Without including any pictures, write out all the records word for word.

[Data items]
=== Begin Enclosure ===

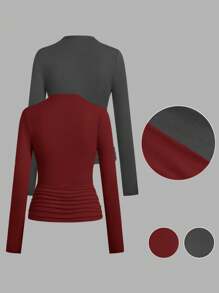SHEIN Clasi Camiseta de manga larga de unicolor informal y versátil para mujer, ideal para otoño/invierno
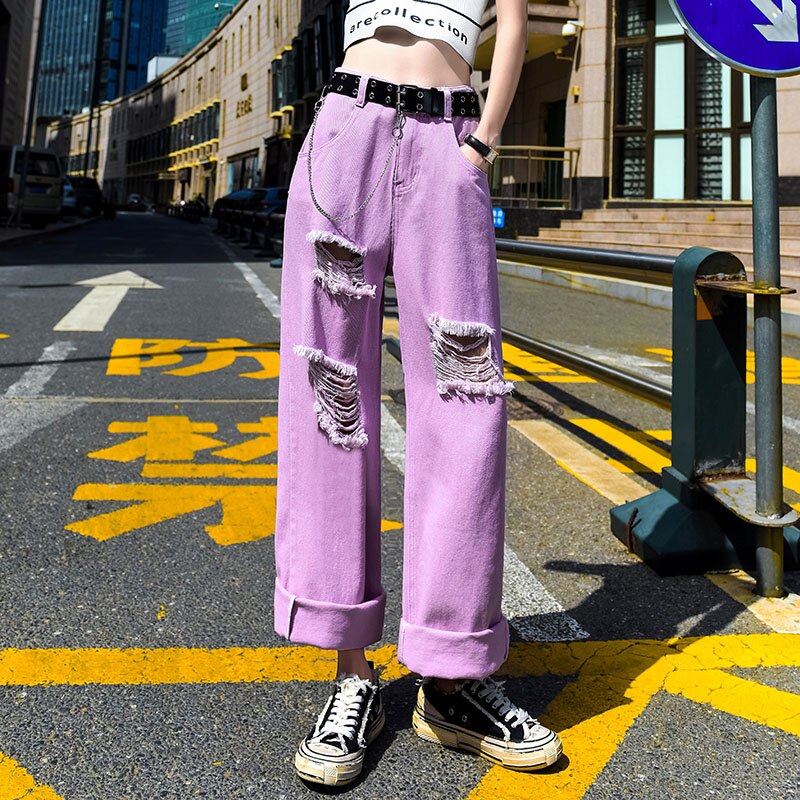 PENERAN Y2K Jeans With Belt Women High Waist Wide Leg Jeans Harajuku Pants Purple Yellow Holes Hollow Out Cargo Streetwear Oversize Pant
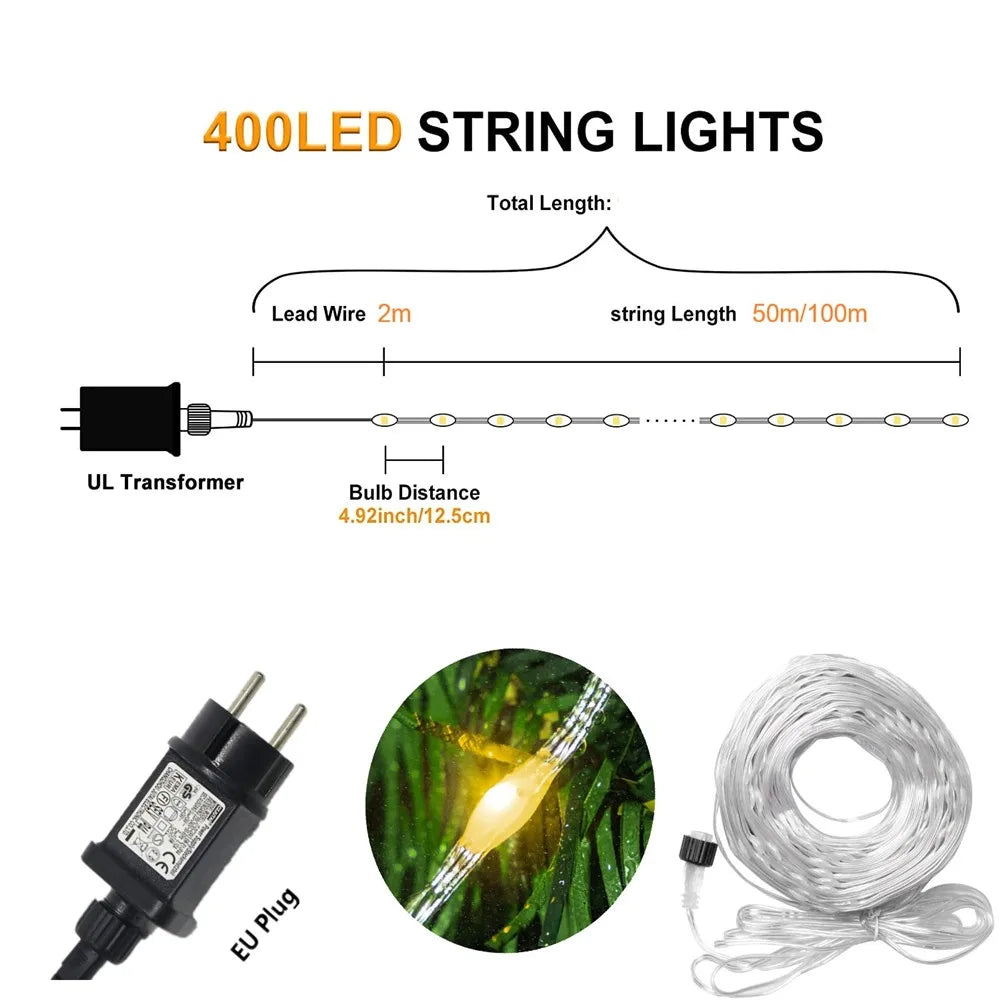 Outdoor Fairy Lights 100/150M Waterproof Garland IP67 EU/US Plug Starry String Lights Christmas Decorations 2025 Festoon Led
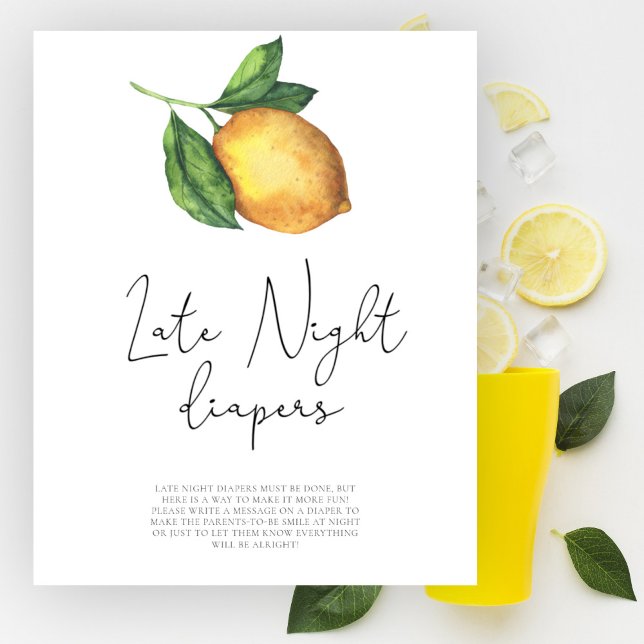 Affiche Baby shower au citron Jeu de couches de nuit tardi (Créateur téléchargé)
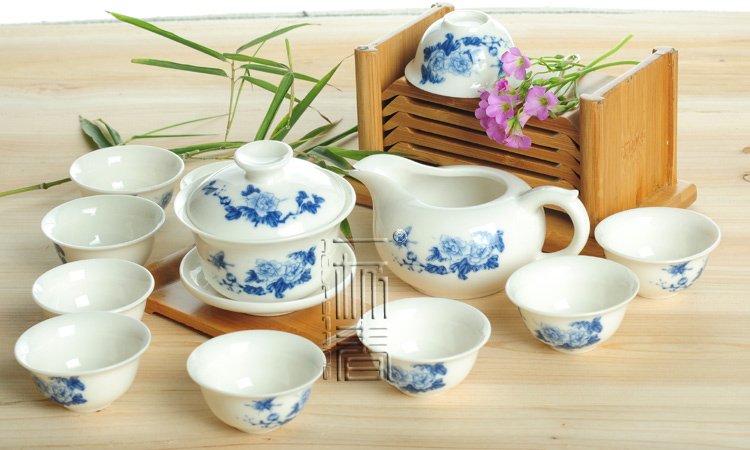 10pcs smart China Tea Set Pottery Teaset Peony Butterfly TM27 Free Shipping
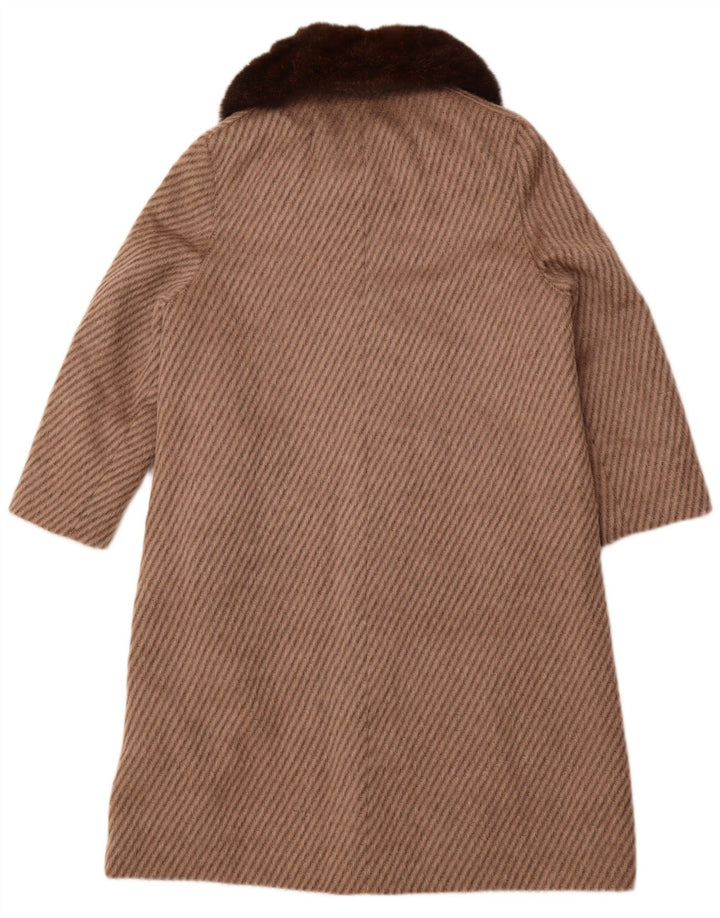 PELLICCERIA Cappotto da donna UK 14 Lana nuova a righe beige grande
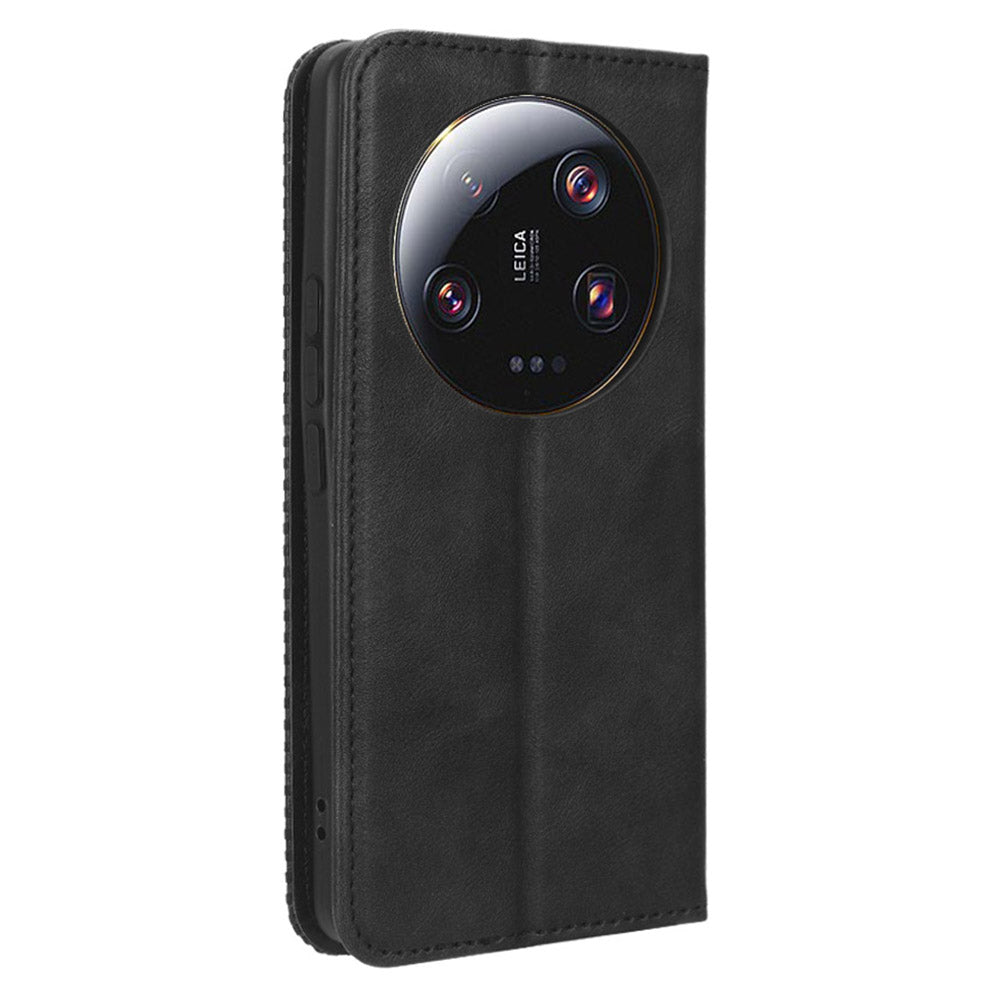 Retro Stand Phone Case for Xiaomi 13 Ultra , PU Leather + TPU Wallet Cover
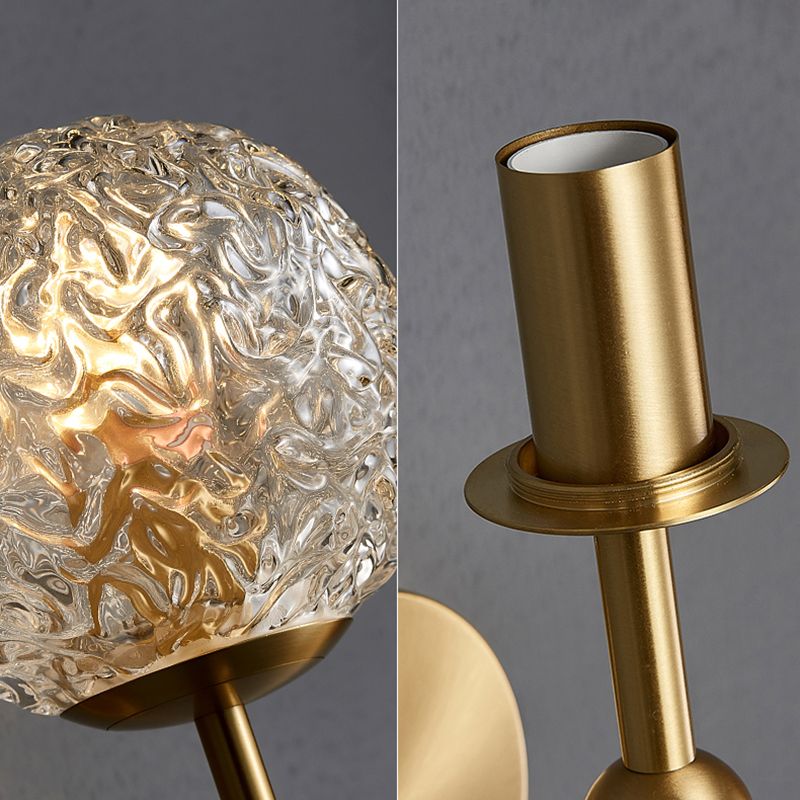 Lámpara de pared colgante de globos de bronce en un estilo de pared de cobre moderno estilo creativo con sombra de vidrio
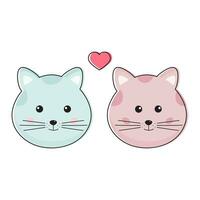 süß Paar von Katzen, Blau und Rosa Katzen Junge und Mädchen im komisch kindisch kawaii Stil. romantisch Katzen im Liebe zusammen. perfekt zum Valentinsgrüße Tag Karte, drucken. vektor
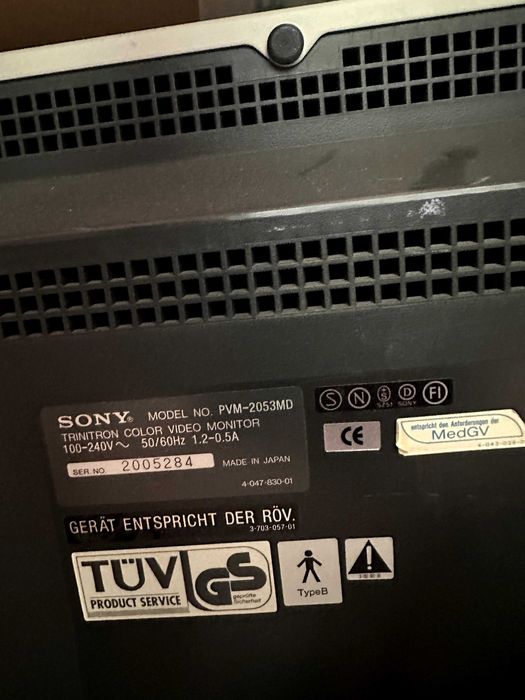 Monitor SONY Model PVM-2053MD Triniton color video monitor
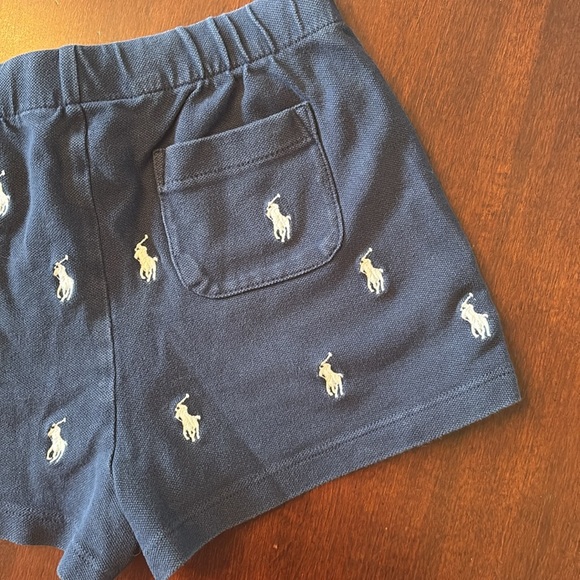 Polo Ralph Lauren Navy Blue Shorts White Embroidered Pony Drawstring Stretch - Picture 8 of 12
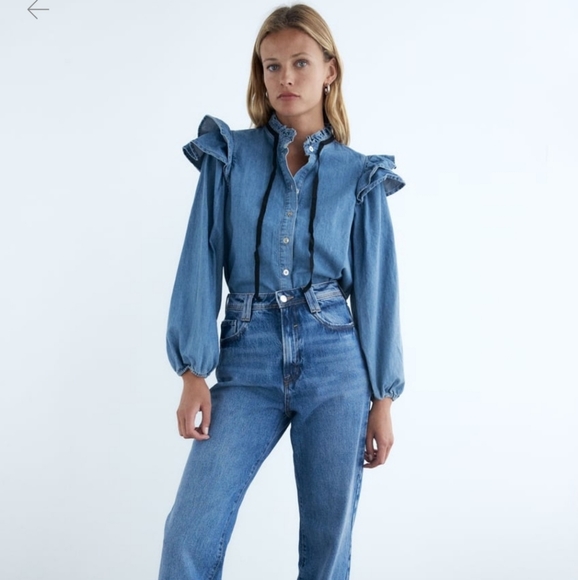 Zara Tops Zara Ruffled Denim Shirt Poshmark
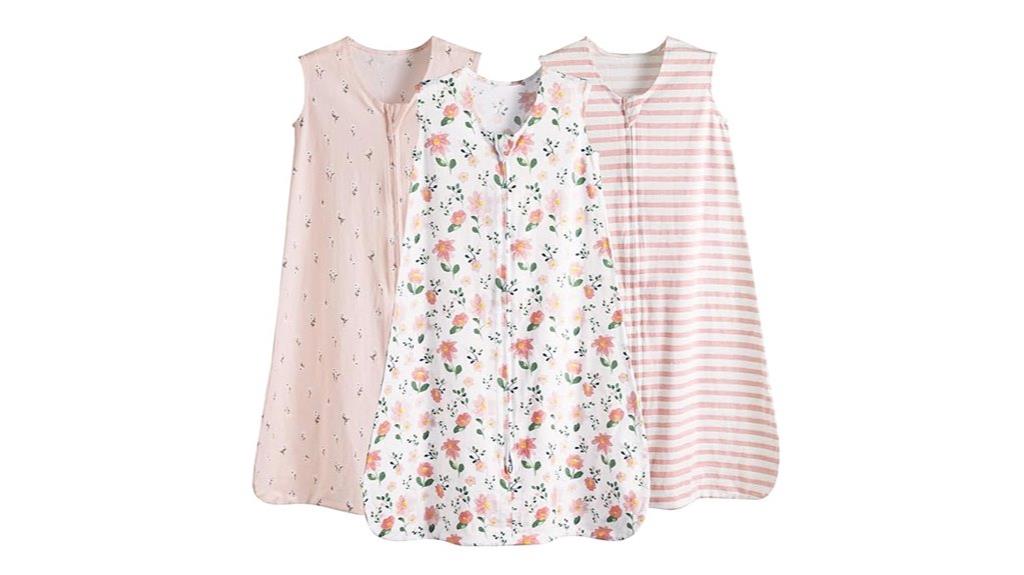soft floral baby sleepers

=== End Enclosure ===

**ANSWER SPACE**:
SHEIN Clasi Camiseta de manga larga de unicolor informal y versátil para mujer, ideal para otoño/invierno
 PENERAN Y2K Jeans With Belt Women High Waist Wide Leg Jeans Harajuku Pants Purple Yellow Holes Hollow Out Cargo Streetwear Oversize Pant
 Outdoor Fairy Lights 100/150M Waterproof Garland IP67 EU/US Plug Starry String Lights Christmas Decorations 2025 Festoon Led
 Affiche Baby shower au citron Jeu de couches de nuit tardi (Créateur téléchargé)
 10pcs smart China Tea Set Pottery Teaset Peony Butterfly TM27 Free Shipping
 PELLICCERIA Cappotto da donna UK 14 Lana nuova a righe beige grande
 Retro Stand Phone Case for Xiaomi 13 Ultra , PU Leather + TPU Wallet Cover
 Lámpara de pared colgante de globos de bronce en un estilo de pared de cobre moderno estilo creativo con sombra de vidrio
 süß Paar von Katzen, Blau und Rosa Katzen Junge und Mädchen im komisch kindisch kawaii Stil. romantisch Katzen im Liebe zusammen. perfekt zum Valentinsgrüße Tag Karte, drucken. vektor
 Monitor SONY Model PVM-2053MD Triniton color video monitor
 Polo Ralph Lauren Navy Blue Shorts White Embroidered Pony Drawstring Stretch - Picture 8 of 12
 Zara Tops Zara Ruffled Denim Shirt Poshmark
soft floral baby sleepers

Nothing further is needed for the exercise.